> _RECORDED DATA_
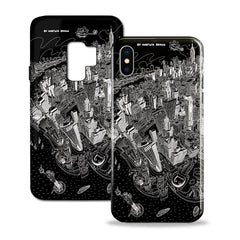 Smartphone 3D Case - New York, Manhattan in Black & White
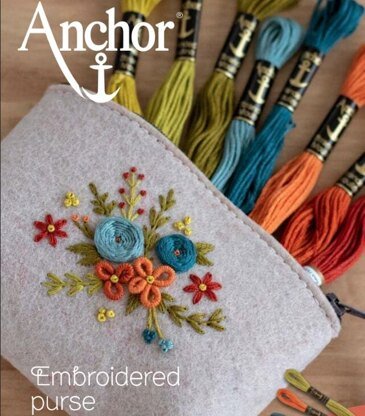 Anchor Embroidered Purse – ANC0003-38 – Downloadable PDF
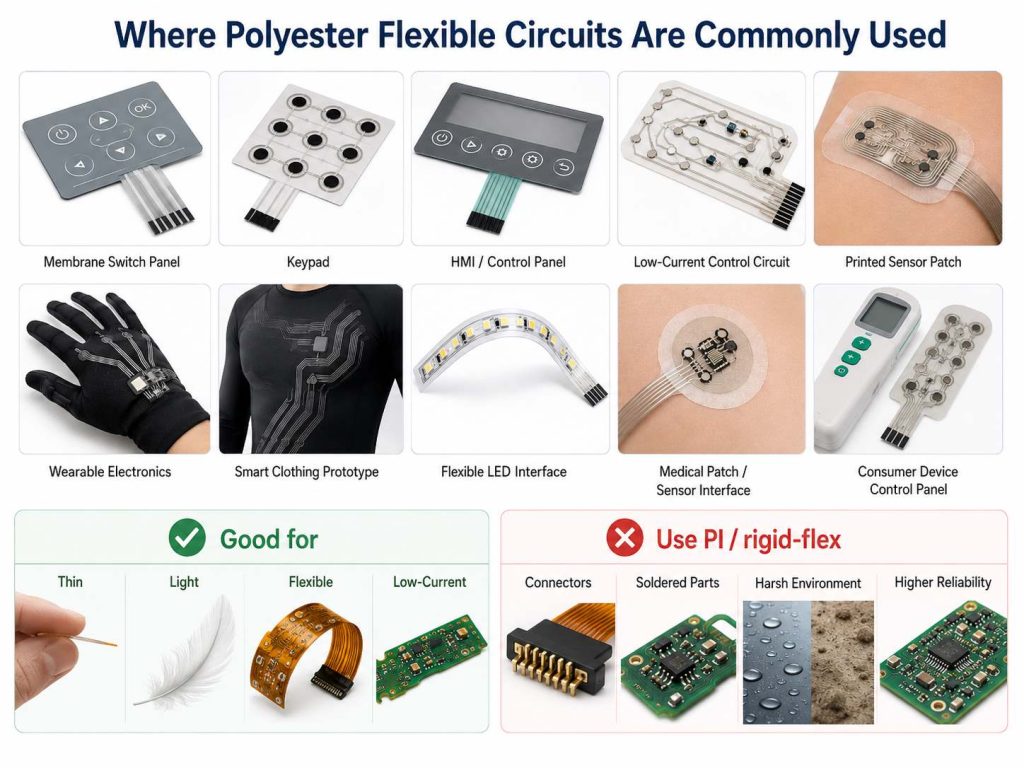 polyester printed circuitry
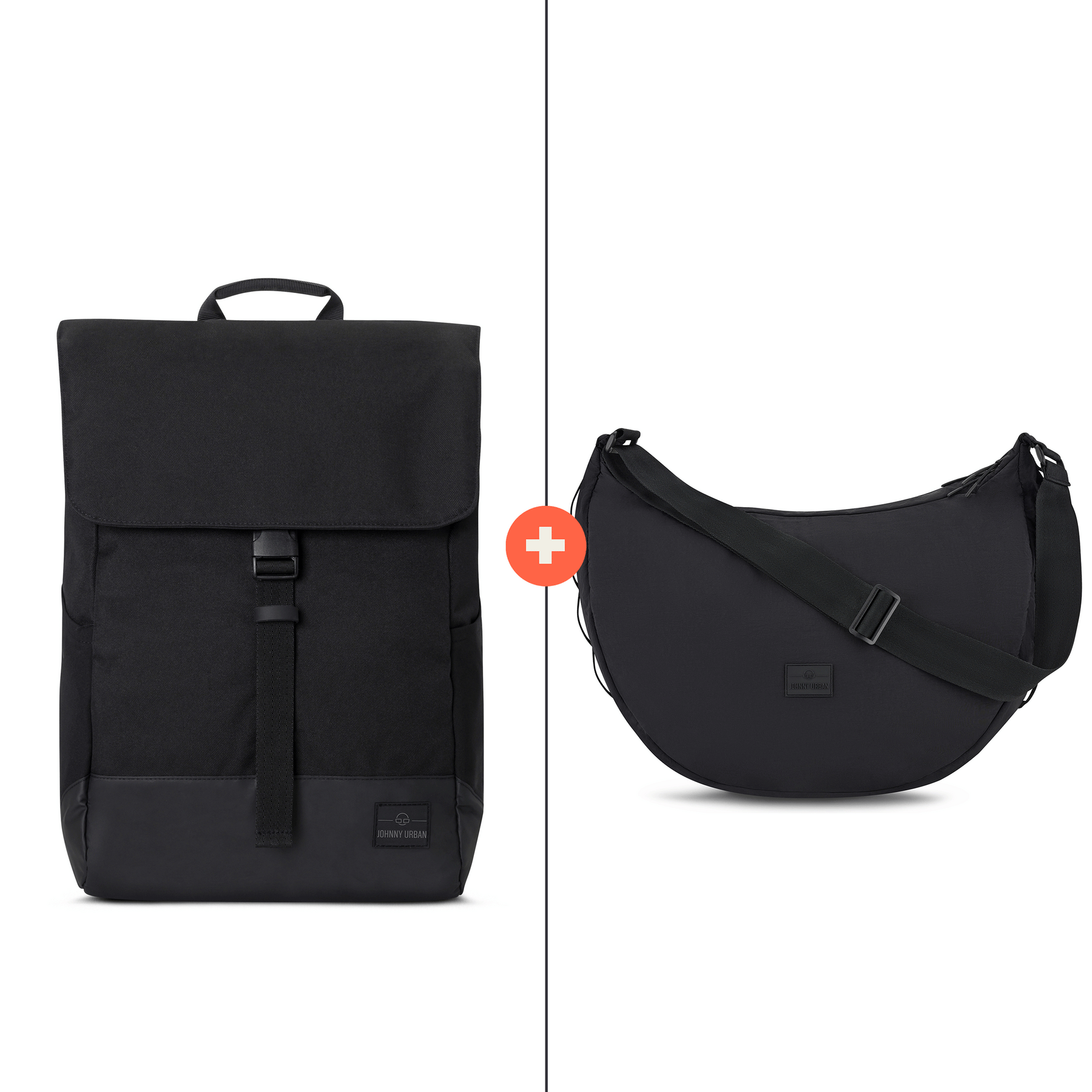 Rucksack + Half Moon Bag Set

> _INSTRUCTIONS FOR THE TASK_
Please write out all of the material above without changing a word, and omit any pictures.

> _EXERCISE OUTPUT_
 Smartphone 3D Case - New York, Manhattan in Black & White
 Anchor Embroidered Purse – ANC0003-38 – Downloadable PDF
 polyester printed circuitry
 Rucksack + Half Moon Bag Set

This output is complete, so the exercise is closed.